## GIVEN RECORDS
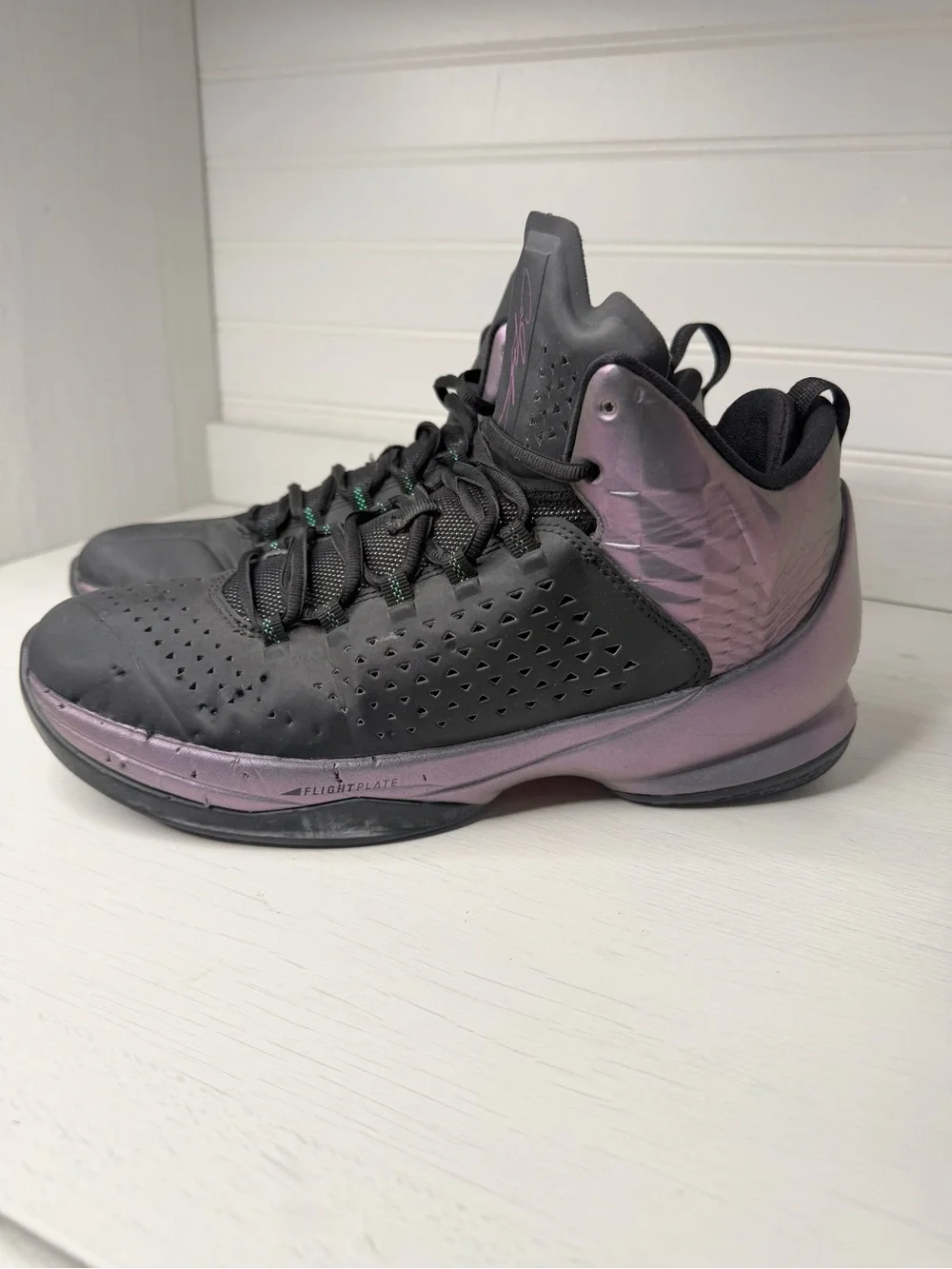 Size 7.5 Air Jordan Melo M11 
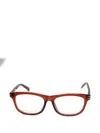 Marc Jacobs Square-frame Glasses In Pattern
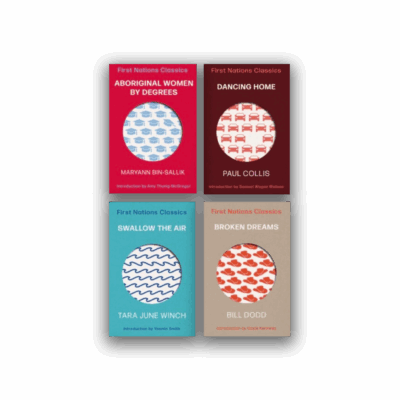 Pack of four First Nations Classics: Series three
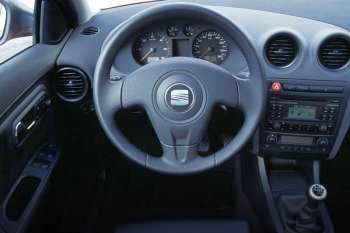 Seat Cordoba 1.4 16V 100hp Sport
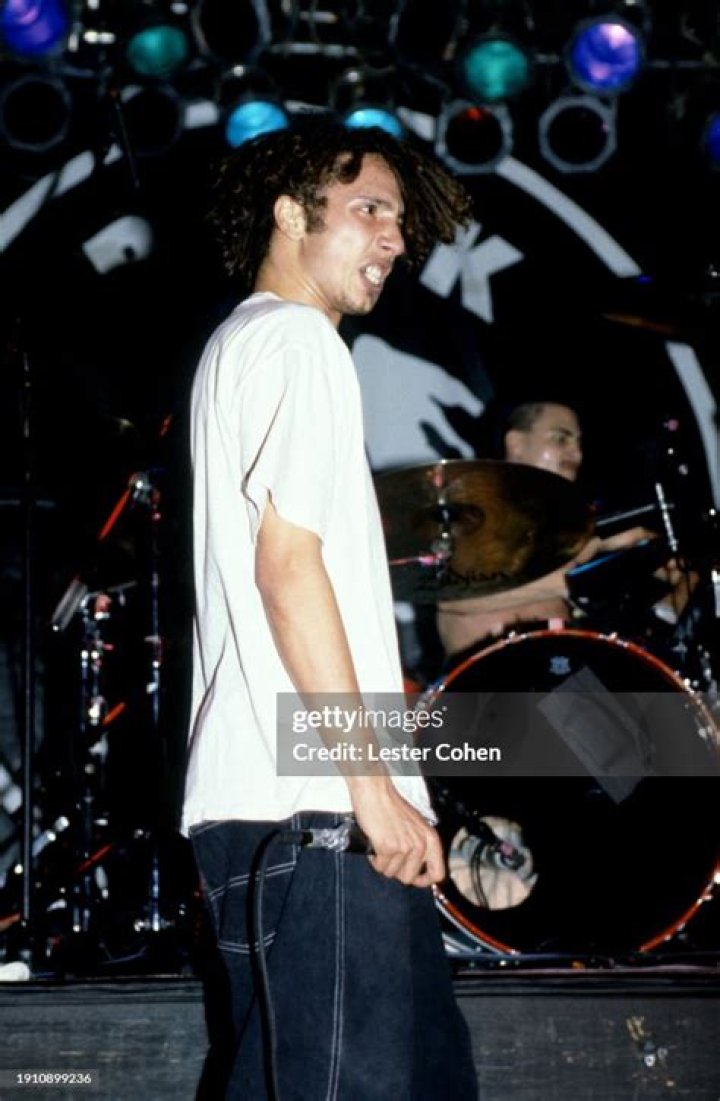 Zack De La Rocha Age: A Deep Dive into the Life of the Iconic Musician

## ASSIGNMENT
Reproduce the records exactly, images excluded.

## OUTPUT OF THE EXERCISE
 Size 7.5 Air Jordan Melo M11 
 Marc Jacobs Square-frame Glasses In Pattern
 Pack of four First Nations Classics: Series three
 Seat Cordoba 1.4 16V 100hp Sport
 Zack De La Rocha Age: A Deep Dive into the Life of the Iconic Musician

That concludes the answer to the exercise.